Material provided
::::

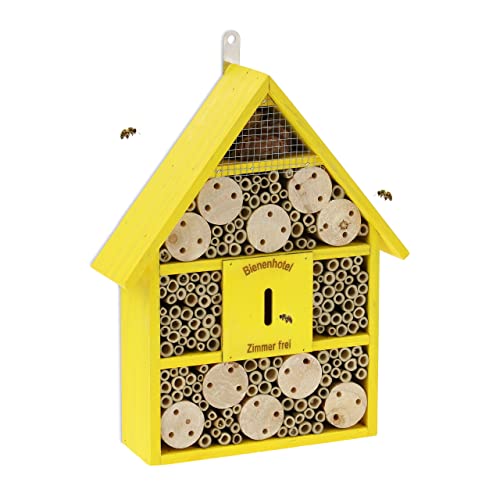 Relaxdays Bienenhotel, Nisthilfe Wildbienen, Garten, Balkon, Insektenhotel zum Aufhängen, Holz, HBT 38 x 29 x 9 cm, gelb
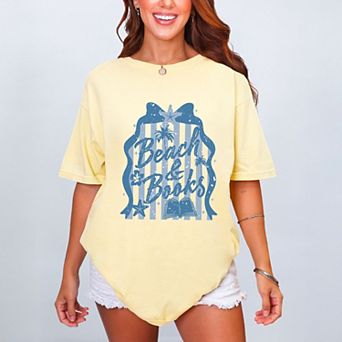 Beach & Books Blue - Women's Garment Dyed Graphic T-Shirt
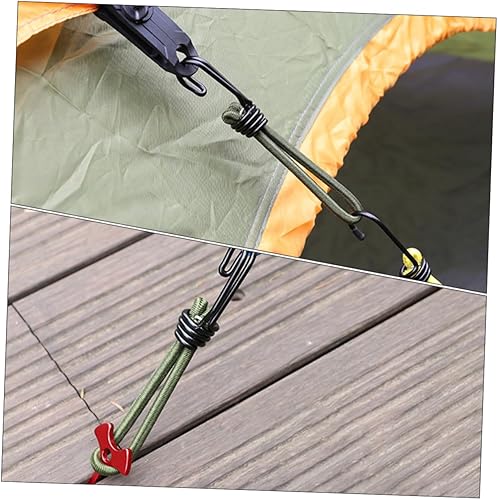 Miniatura 9 de Kisangel 12 piezas de tienda de campaña elástica para acampar al aire libre, accesorios de cuerda elástica, gancho para tienda de campaña, cordones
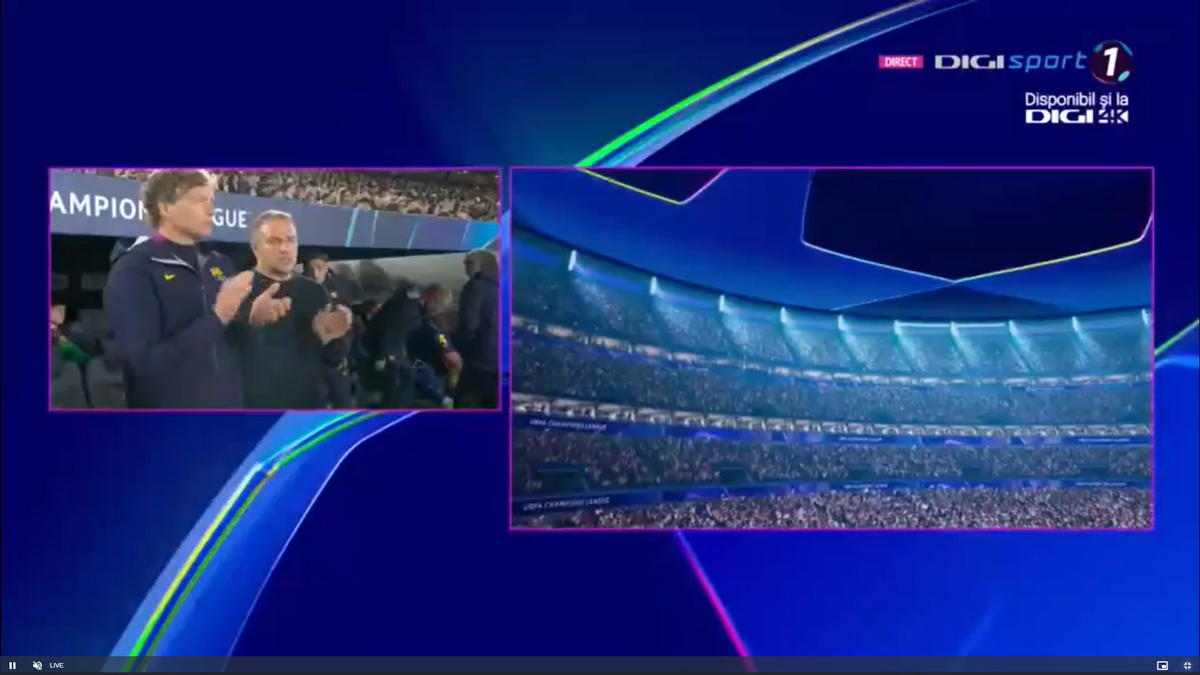 Scene impresionante în UCL la Barcelona și Paris, în memoria lui Mircea Lucescu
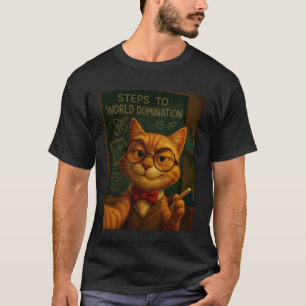 Camiseta Gato Gênio do Mal Passos para a Dominação Mundial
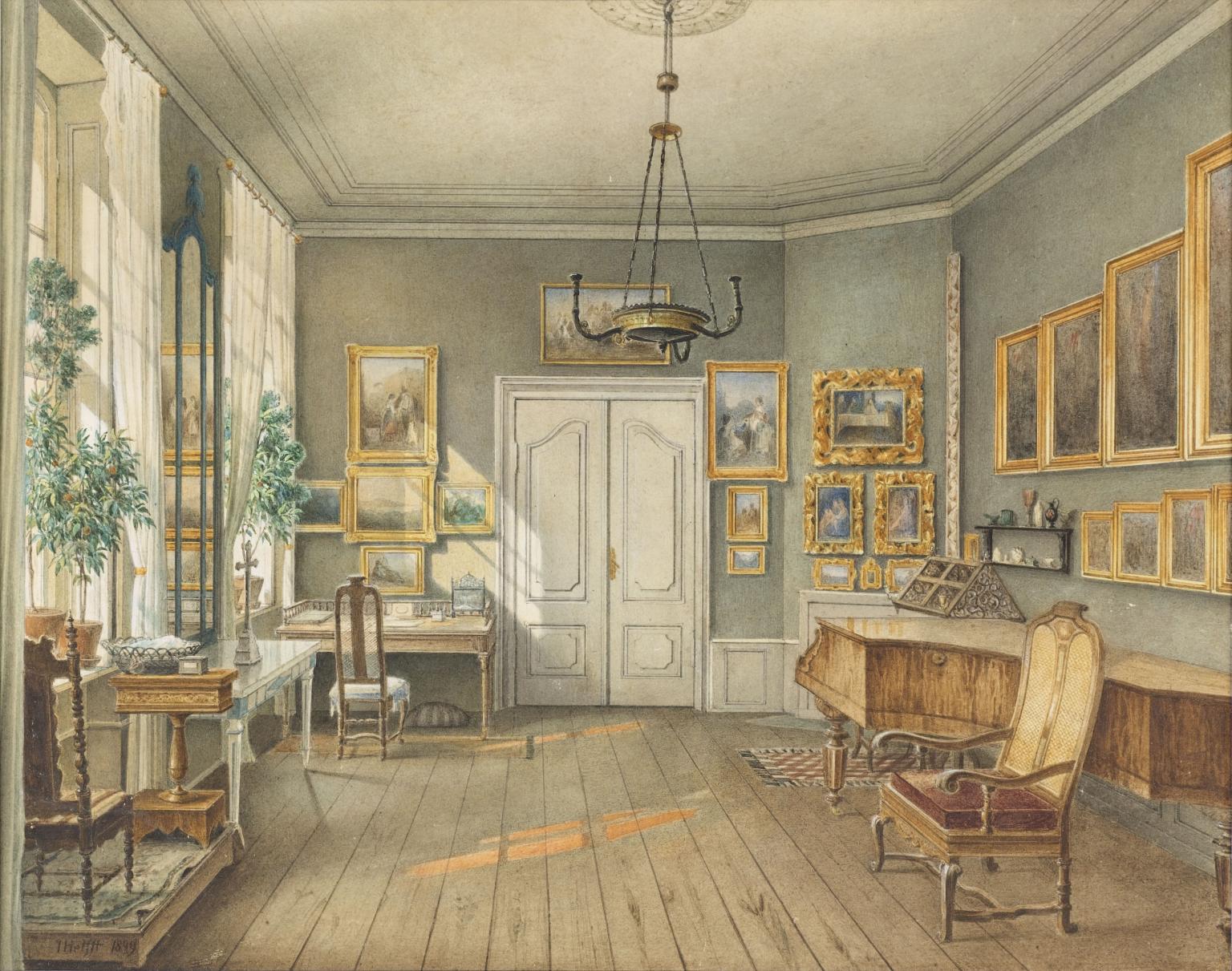 Painting of room featuring natural light, grand piano, and walls filled with pictures in gold frames.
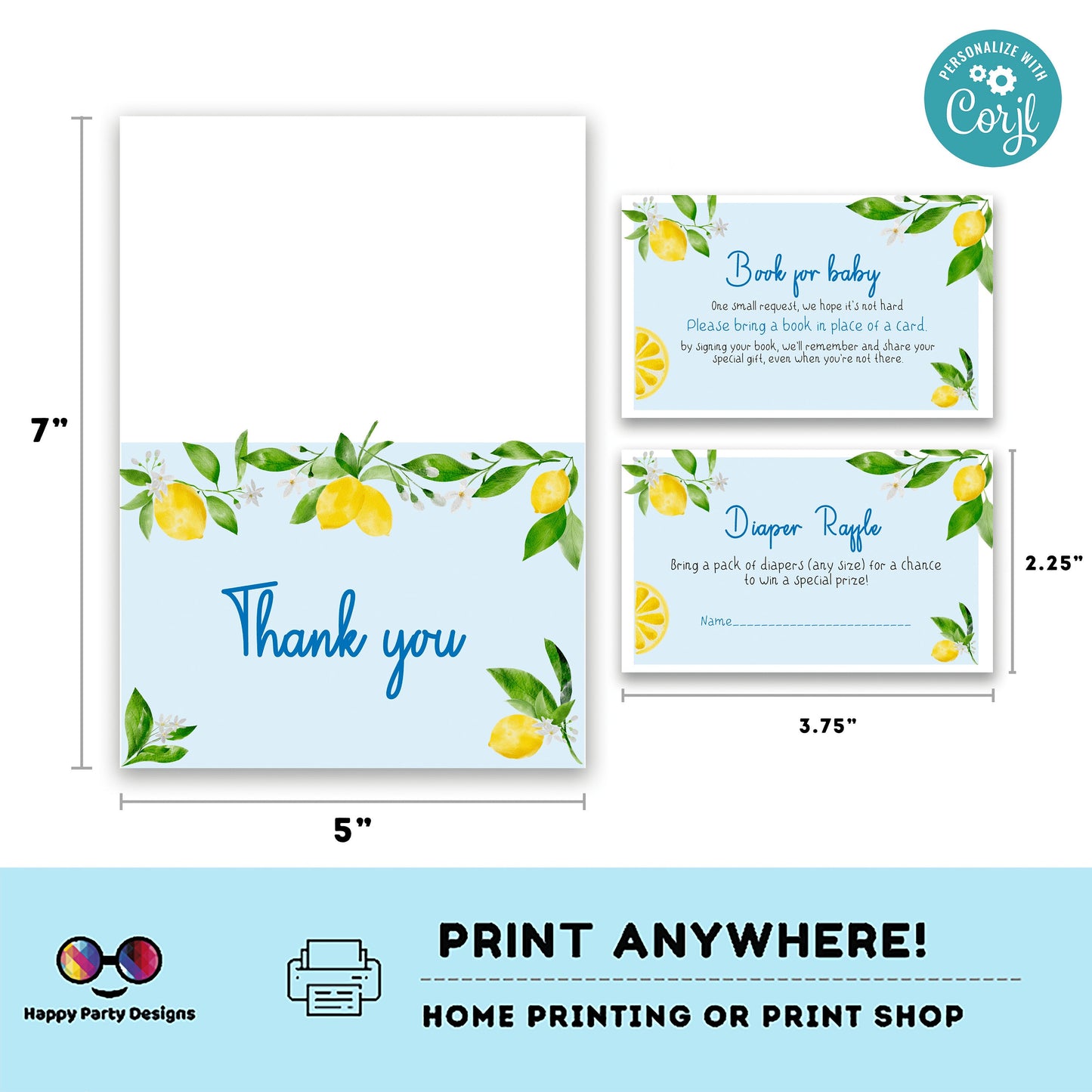EDITABLE Lemon baby shower invitation bundle | diaper raffle, books for baby, thank you tag, thank you| Baby boy | Summer baby shower #B9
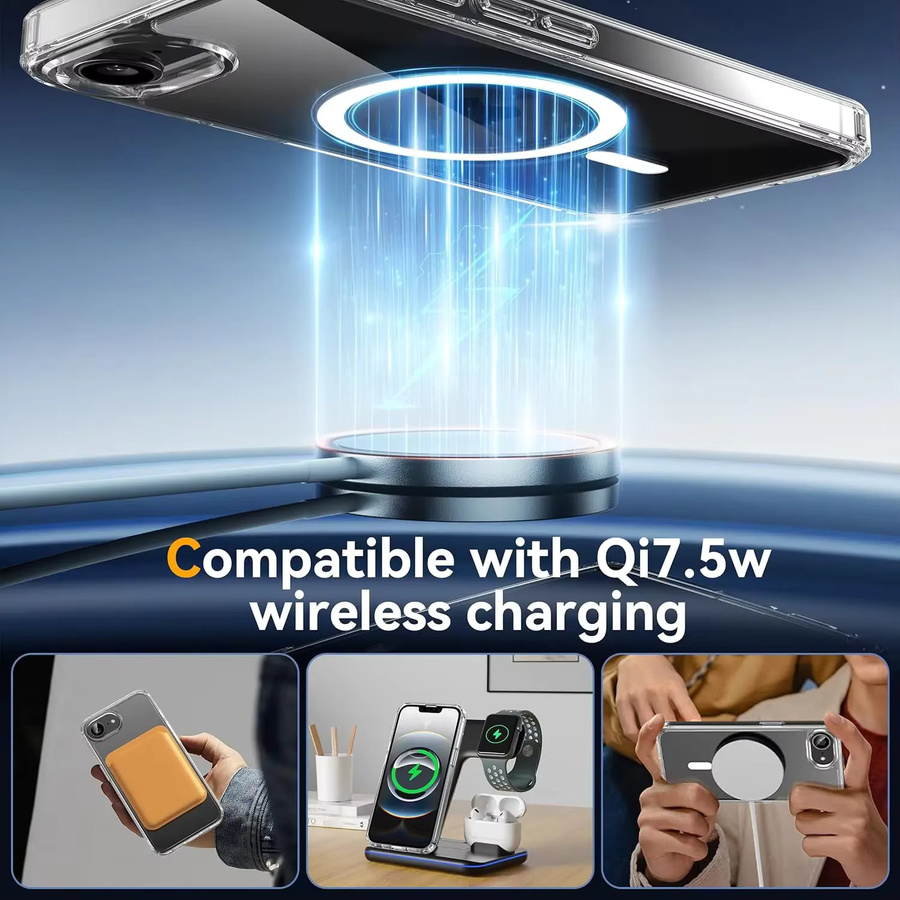 MagSafe Magnetische Kabellose Ladehülle für Apple iPhone 16E und iPhone 17E, Stoßfeste Matte Rückabdeckung in Schwarz und Transparent, 5G kompatibel - Bild 3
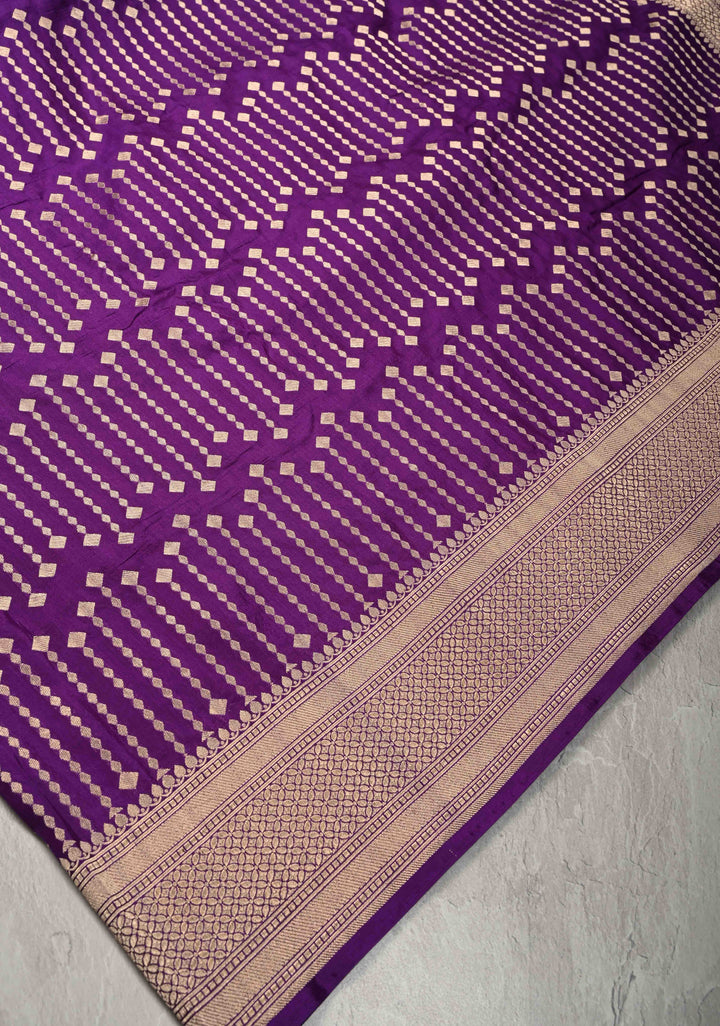 Purple Banarasi Katan Silk Saree with Vertical Stripes Brocade and Zari Border | SILK MARK CERTIFIED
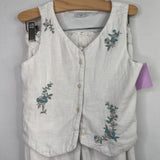 Size 7-8: Abercrombie Kids White/Blue Floral Embroidered Vest/Pants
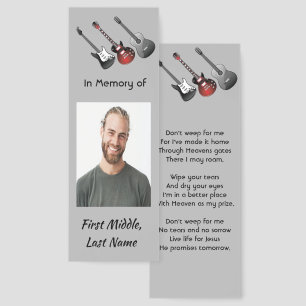 Christian Memorial Keepsake Musician Guitar Music  Bookmarks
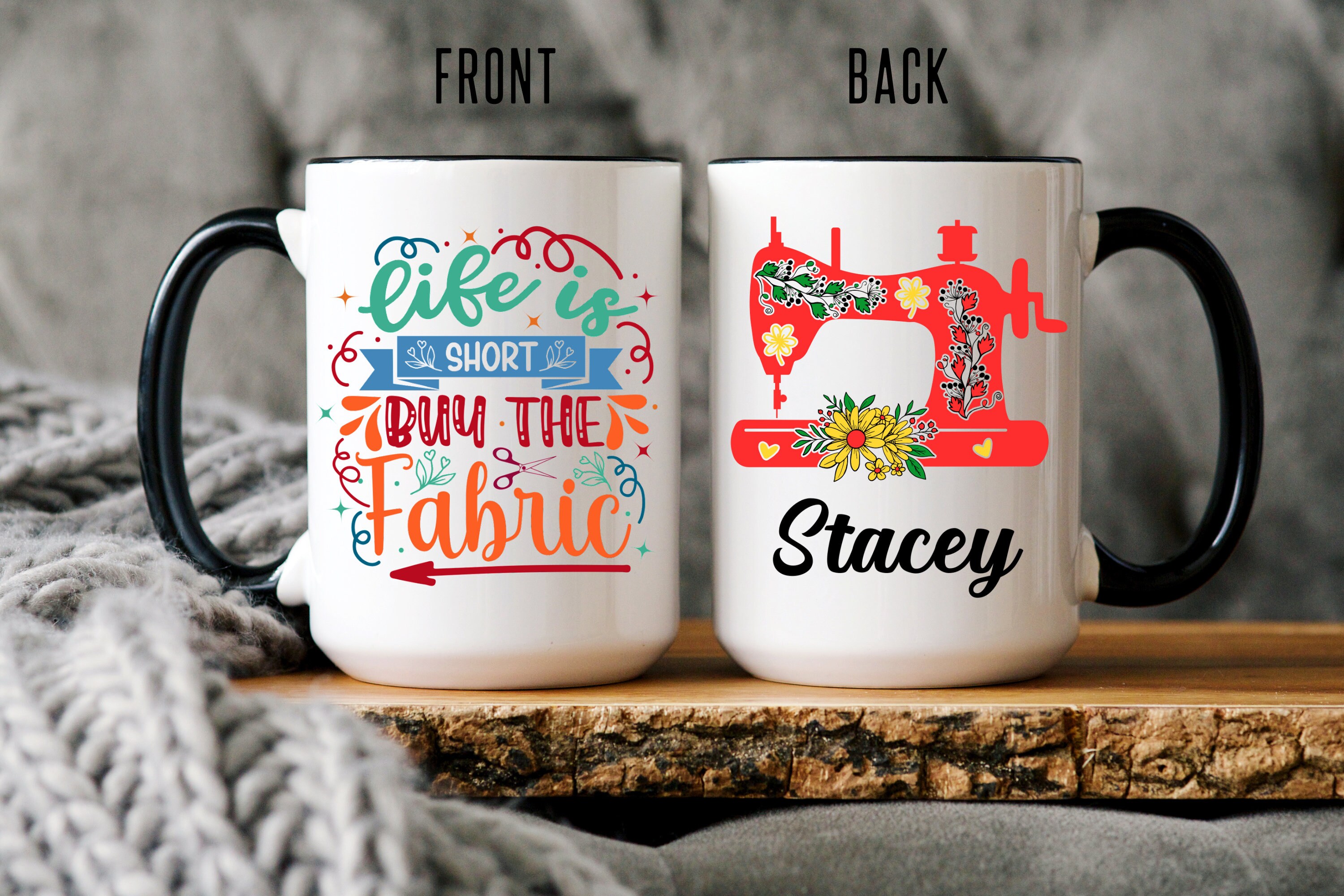 Personalized Sewing Mug, Quilting Mug, Quilting Gifts For Women, Quilting Gifts, Quilting Mug, Sewing Gift, Life is Short Buy the Fabrics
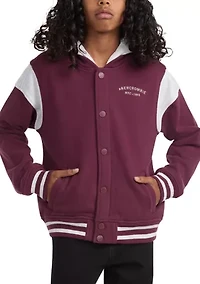 fleece hooded bomber jacket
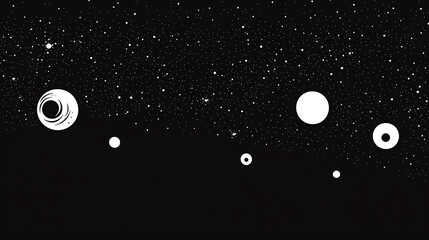 abstract cosmic scene featuring various celestial bodies against a starry black background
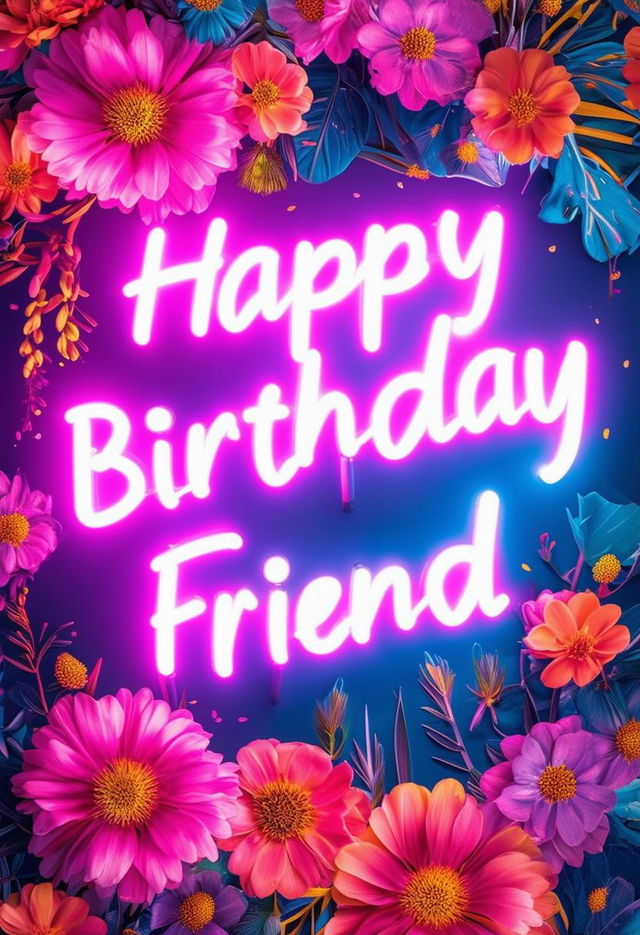 A beautiful book cover titled 'Happy Birthday Friend' featuring a neon sign style title text against a colorful floral background in 32k HD resolution, creating a striking and celebratory atmosphere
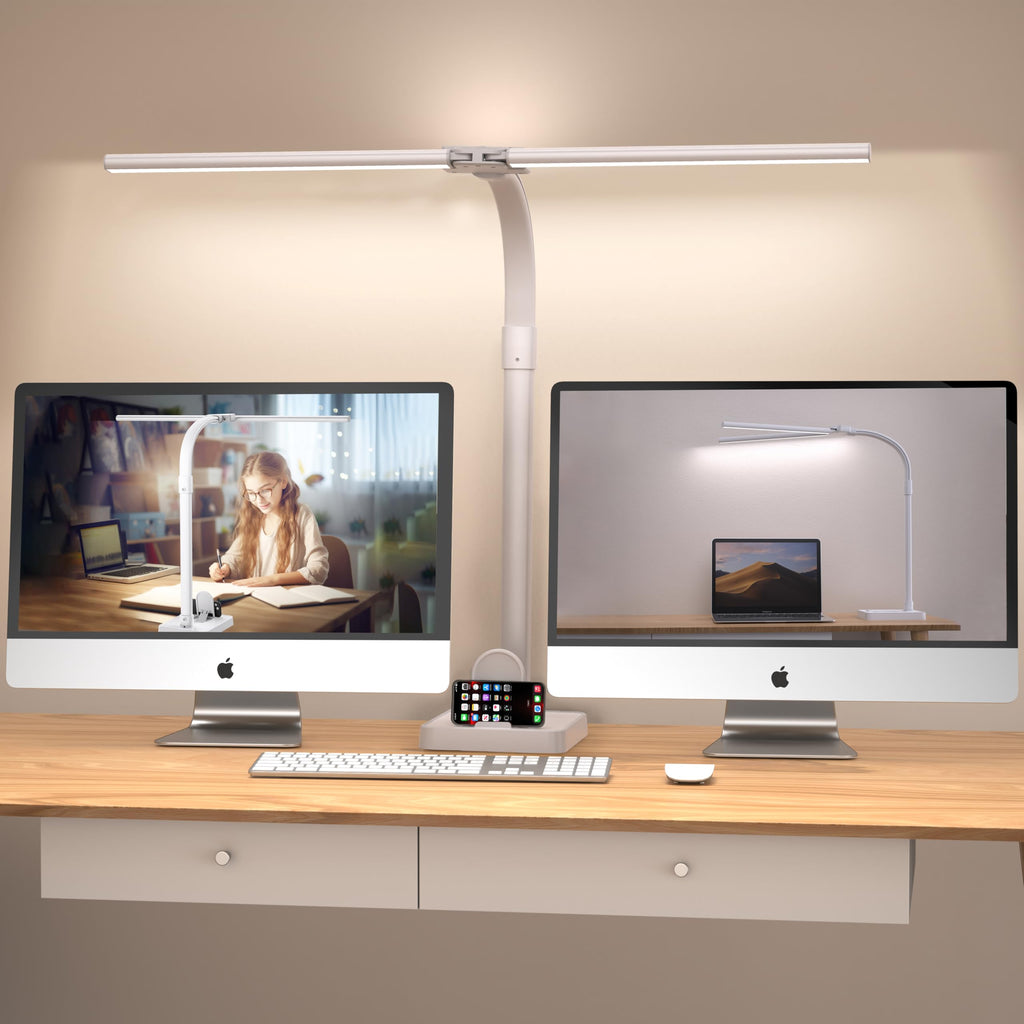 Double Head LED Desk Lamp, Architect Desk Lamps for Office, 24W Brightest Workbench Office Lighting-5 Color Modes and 5 Dimmable Eye Protection Modern Desk Lamp (White-Desktop, Big)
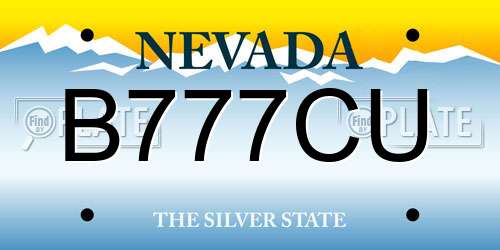 B777CU Nevada License Plate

::::

Exercise brief
The line containing "Christian Memorial Keepsake" and every line after it, through the end of the data, are to be output exactly. Omit the pictures.

Response
 Christian Memorial Keepsake Musician Guitar Music  Bookmarks
 Personalized Sewing Mug, Quilting Mug, Quilting Gifts For Women, Quilting Gifts, Quilting Mug, Sewing Gift, Life is Short Buy the Fabrics
 fleece hooded bomber jacket
 abstract cosmic scene featuring various celestial bodies against a starry black background
 A beautiful book cover titled 'Happy Birthday Friend' featuring a neon sign style title text against a colorful floral background in 32k HD resolution, creating a striking and celebratory atmosphere
 Double Head LED Desk Lamp, Architect Desk Lamps for Office, 24W Brightest Workbench Office Lighting-5 Color Modes and 5 Dimmable Eye Protection Modern Desk Lamp (White-Desktop, Big)
 B777CU Nevada License Plate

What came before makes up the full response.